Later, at an early age of 9, Martin conceived the idea to improve the trains travelling far north to down south. He had just learnt about friction, so he knew it was necessary to get rid of it. He thought, ‘Why don’t we support this train on magnets.’ By that time he already knew that when two magnets of same charge come closer, they force themselves apart. This was just part of it. He further analysed that as air created friction, he had to get rid of it too. So, the train would have to be in an air tight vacuum tunnel. Damn! I mean to think of such a complex idea at that age, totally beats me.




Martin started his education from Lawson Elementary School in Chicago. He enjoyed studying. It gave him satisfaction as his hunger for knowledge was fulfilled. After that, Martin joined the Crane Technical High School in Chicago. Here he came across two teachers who became a great inspiration to him in life. First, Mr Kinney – a perfectionist, who taught home grooming and wood shop classes. Although he was demanding, Kenny was very kind beneath a tough veneer. He would push Martin to utilize his complete potential. Instead of retaliating against this pressure, Martin acknowledged it and pursued perfection. The second teacher was Miss Corrigan, Martin’s English tutor. As Martin was immensely interested in gaining knowledge, books became his obsession. Miss Corrigan was always supportive of Martin’s endeavours. She used to encourage and appreciate Martin’s voracious reading.

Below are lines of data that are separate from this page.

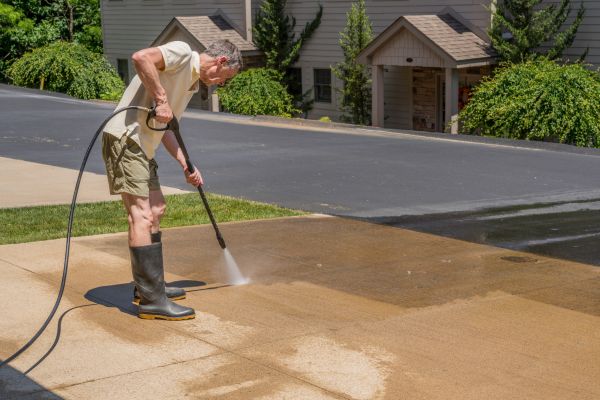 Cost of Concrete Pressure Cleaning in Richmond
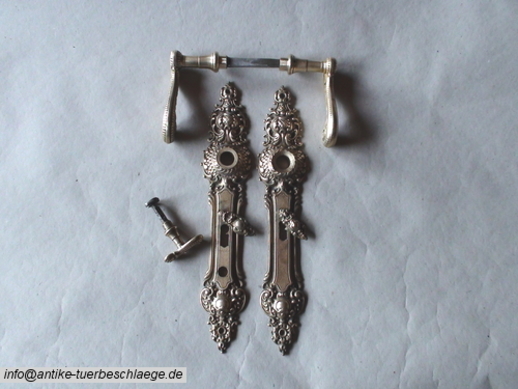 Alter Türbeschlag Gründerzeit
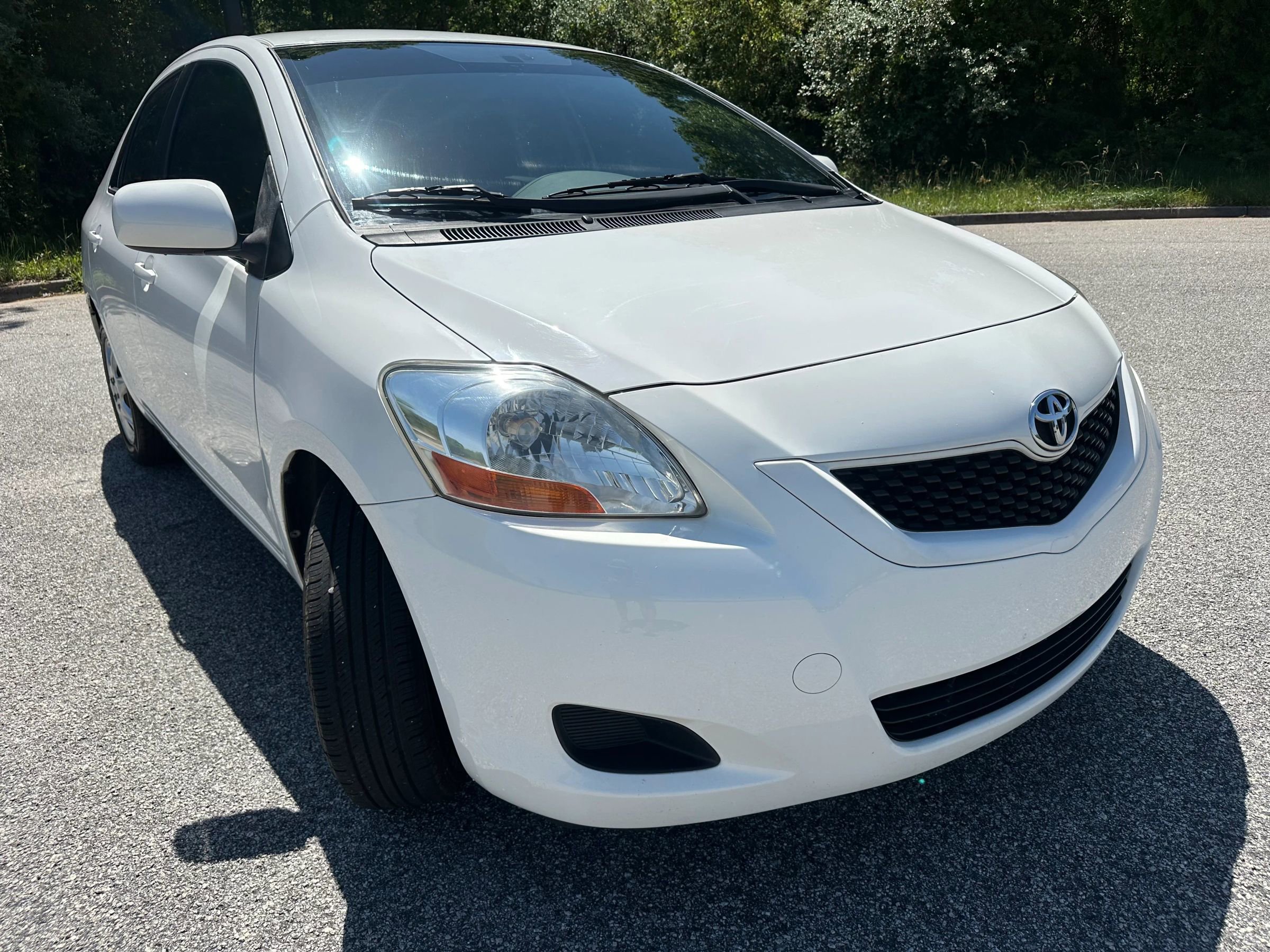 Used 2011 Toyota Yaris Sedan image 7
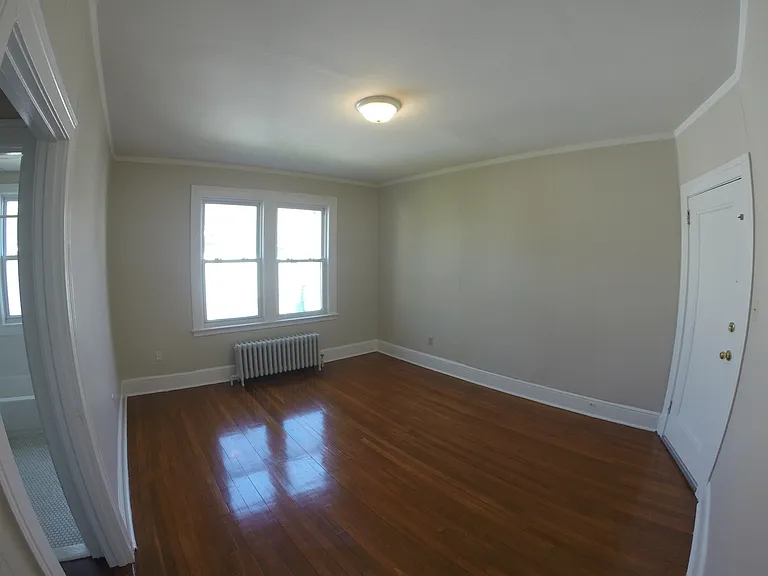 46 Grace St — Photo 18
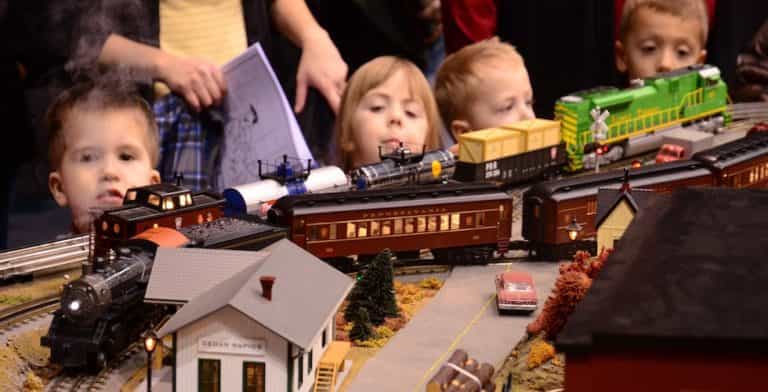 Lego MiniLand joins the 2017 National Train Show in Central Florida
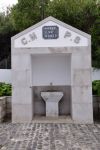 La Fonte de Sao Joao, una fontana di acqua potabile sull'isola di Porto Santo (Madeira, Portogallo) - foto © Andi111 / Shutterstock.com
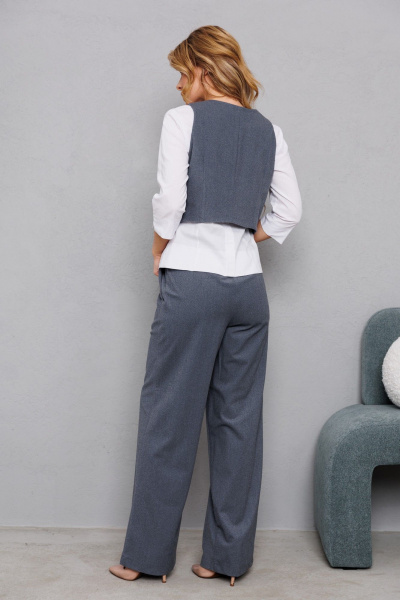 Стильный жилет из текстурной ткани на подкладке AMORI 2184 графит - фото 4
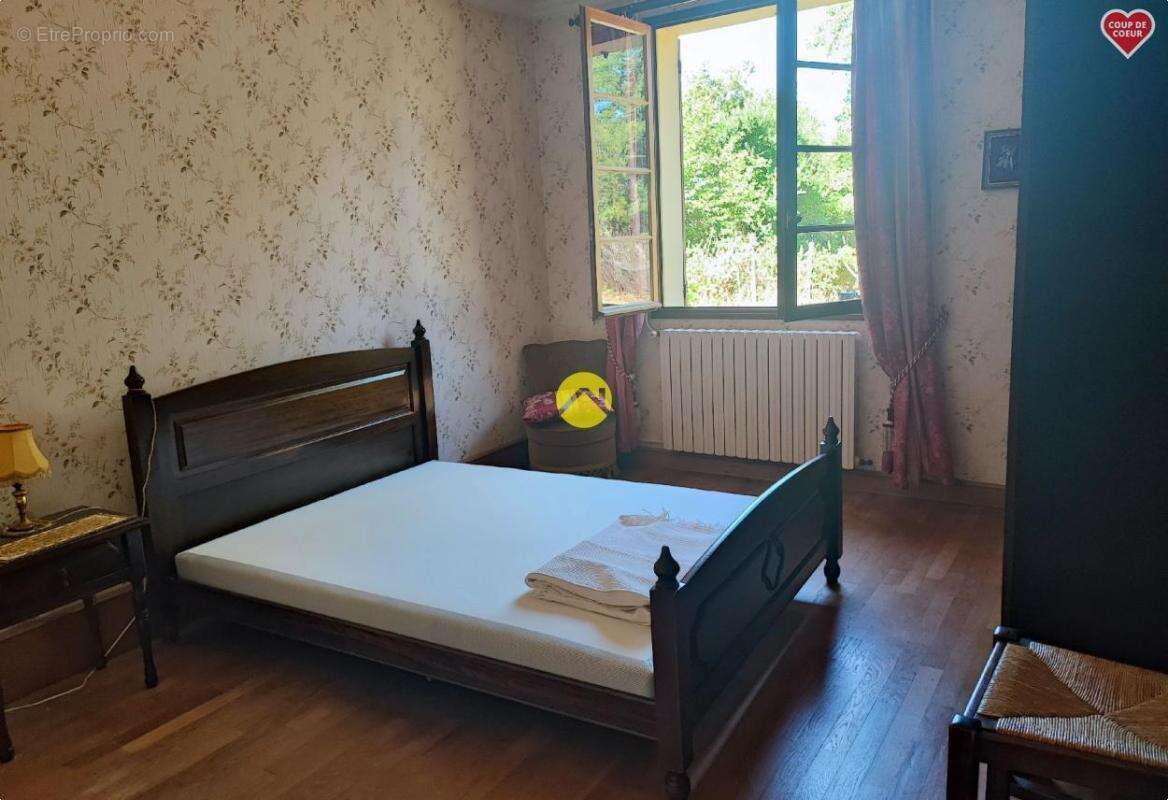 19683m² de terrain attenant - photo 8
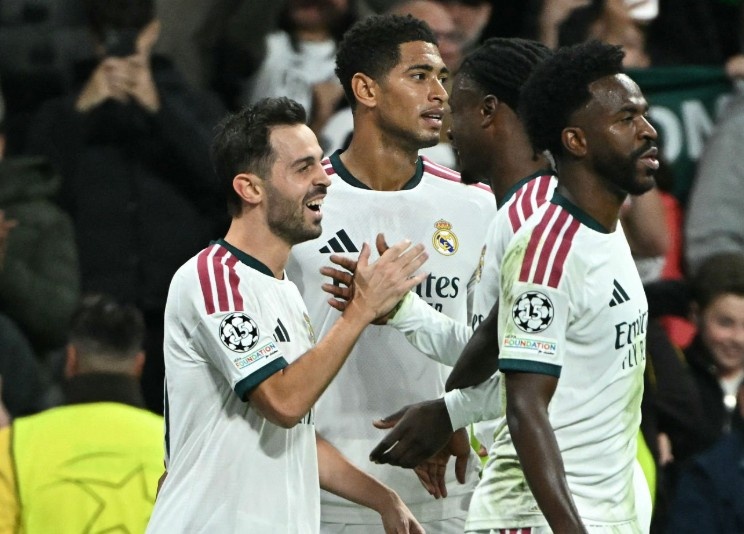 Real Madrid 2-0 RB Leipzig: Silva, Guler tỏa sáng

Martin went on to pursue his further studies at Illinois Institute of Technology, Chicago. He decided to become a physicist, and almost became one. But the subject Chemistry made him change his mind. He realized, that to be a physicist, one had to opt for Chemistry compulsorily. When Martin attended his first chemistry practical, he could relate it to cooking. This does not surprise me as chemistry is all about getting the combinations and experiments right! I mean, have you been to a chemistry lab? It stinks! Try and imagine smelling rotten eggs with jasmine in a pool of mixed perfumes. A chemistry lab is a hub for such odd odours. At least that’s what I think, maybe Martin would agree with me. Now, since childhood Martin had avoided learning how to cook and was least interested in it. He probably saw the beakers as vessels and burners as stove. Hence obviously, Martin was a total disaster in the chemistry lab. He realized it was impossible to be a physicist unless he got better at chemistry. Martin reconsidered his choice. He switched from becoming a physicist to an engineer. Martin pursued Bachelor of Science in Electrical Engineering (BSEE) with a math minor. To finance his education at the Illinois Institute of Technology, he joined the Reserve Officers’ Training Corps. He obtained the degree in 1950 and continued his studies for a post graduate degree from the same university.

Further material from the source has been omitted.